PRISM-games: Property Specification

Specification of properties to be checked in PRISM-games is based on the temporal logic rPATL [CFK+12, CFK+13b], which combines elements of the probabilistic temporal logic PCTL for MDPs, the logic ATL for games and agent-based systems, and extensions of PRISM's reward operators. The properties can be divided into:

zero-sum properties, where one coalition of players tries to optimise/satisfy an objective (maximising/minimising a probability/reward) while the remaining players form a second coalition with the opposite objective;
nonzero-sum properties, where the players are divided into two coalitions, each with a separate objective (maximising/minimising a probability/reward), and the coalitions try to find an equilibrium for these objectives.

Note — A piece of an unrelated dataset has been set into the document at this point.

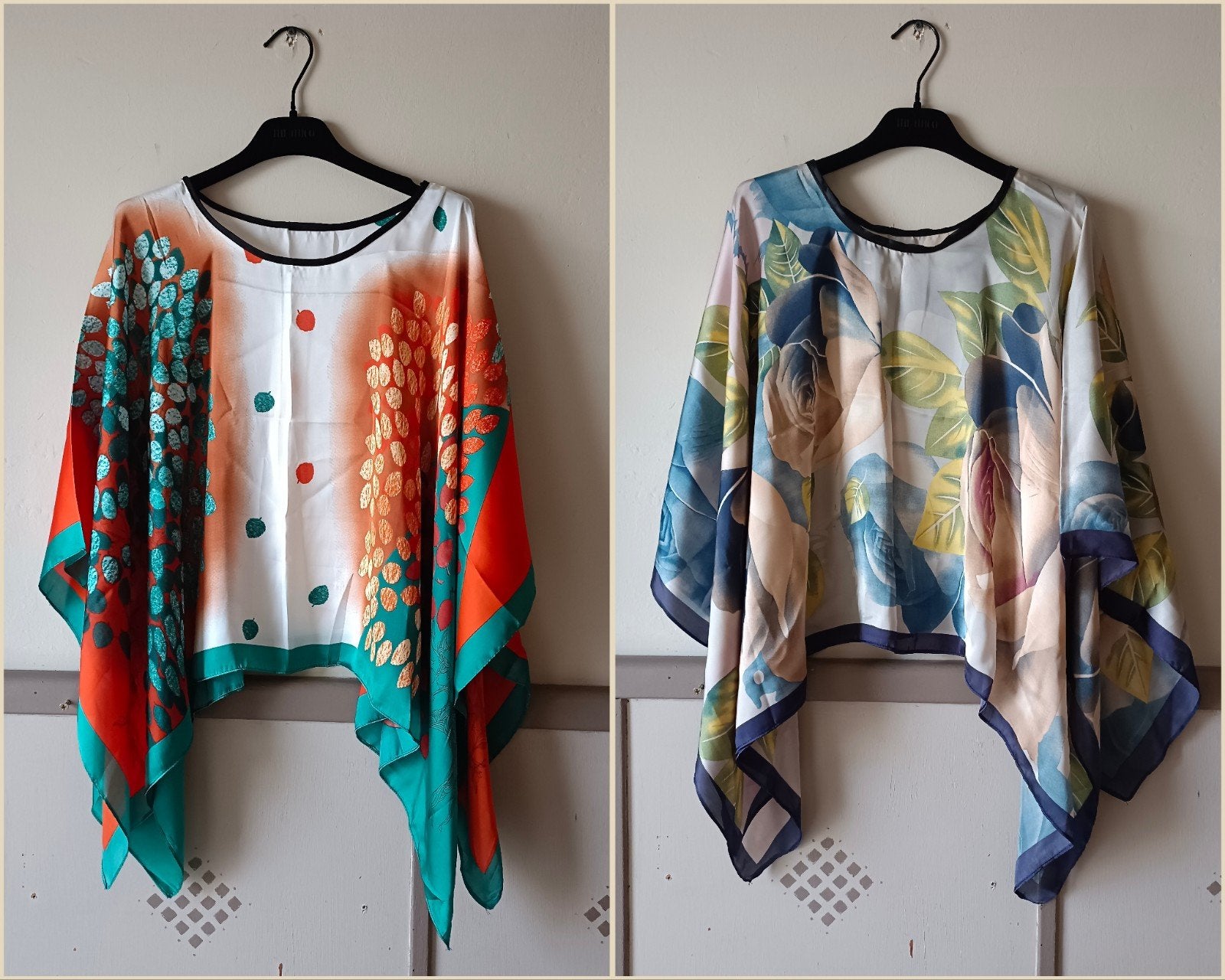 Poncho léger NEUF!, Vêtements | Femmes, Vêtements de Bain & Maillots de Bain, Enlèvement ou Envoi, Neuf, Multicolore, Autres types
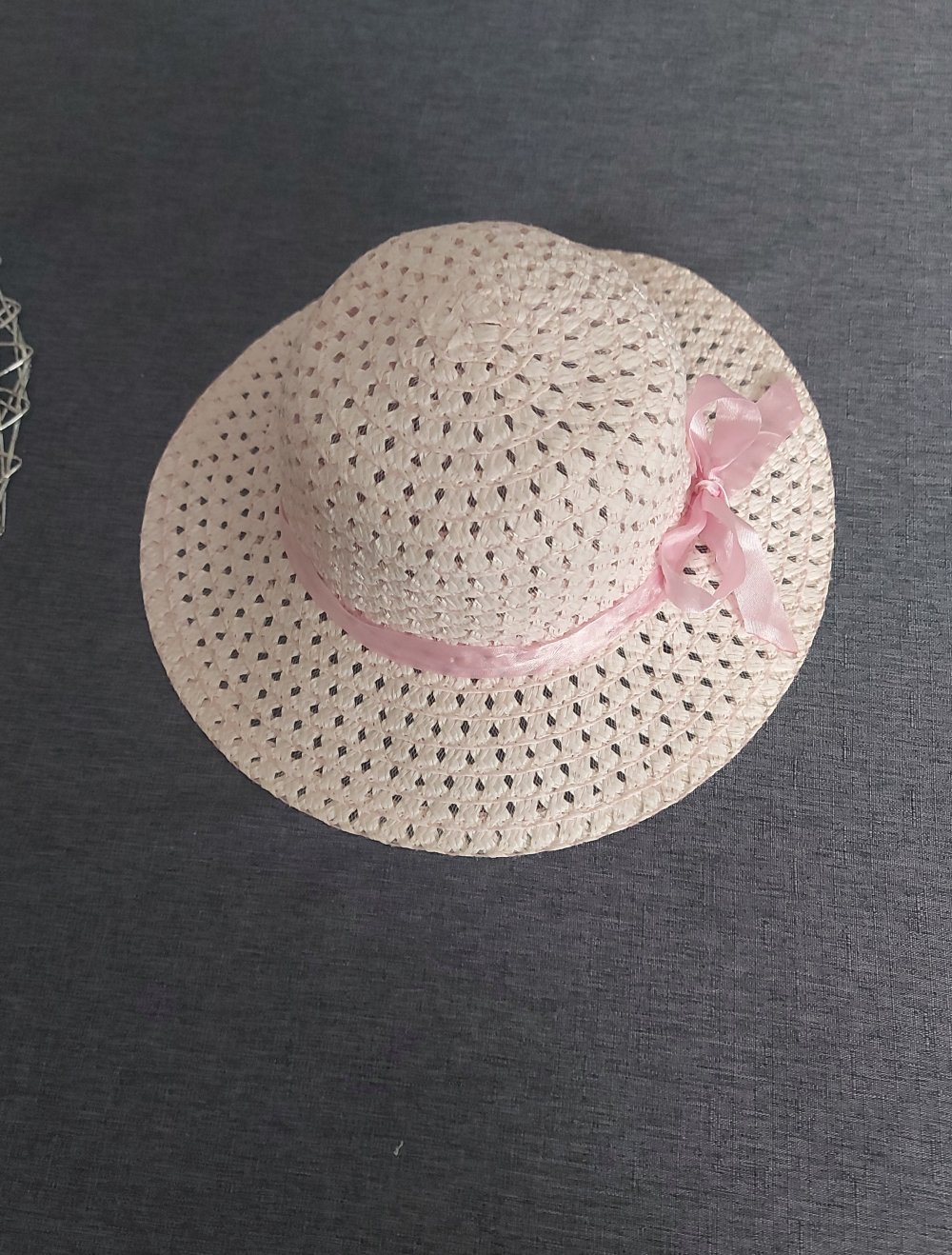 sommerhut / Strandhut gr.52/54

For the formal syntax and semantics of zero-sum properties see [CFK+13b] for SMG/TSGs and [KNPS18] for CSGs. For the case of nonzero-sum properties, see [KNPS19, KNPS22].

Zero-Sum Properties

Some simple zero-sum property are listed below.

// player 1 can ensure that within 3 steps 
// a state in which the variable c equals 2 is reached
// no matter the behaviour of the other players
<<1>> P>=0.84 [ F<=3 c=2 ]

// what is the minimum probability player 1 can ensure that 
// within 3 steps a state in which the variable c equals 2 is reached
// no matter the behaviour of the other players
<<1>> Pmin=? [ F<=3 c=2 ]

// what is the maximum probability player 1 can ensure that
// eventually a state in which the variable h equals 2 and variable c equals 0 is reached
// no matter the behaviour of the other players
<<1>> Pmax=? [ F (h=2 & c=0) ]

In general, <<...>> contains a coalition of players for which strategies are required. Some further (generic) example properties of the P operator are listed below.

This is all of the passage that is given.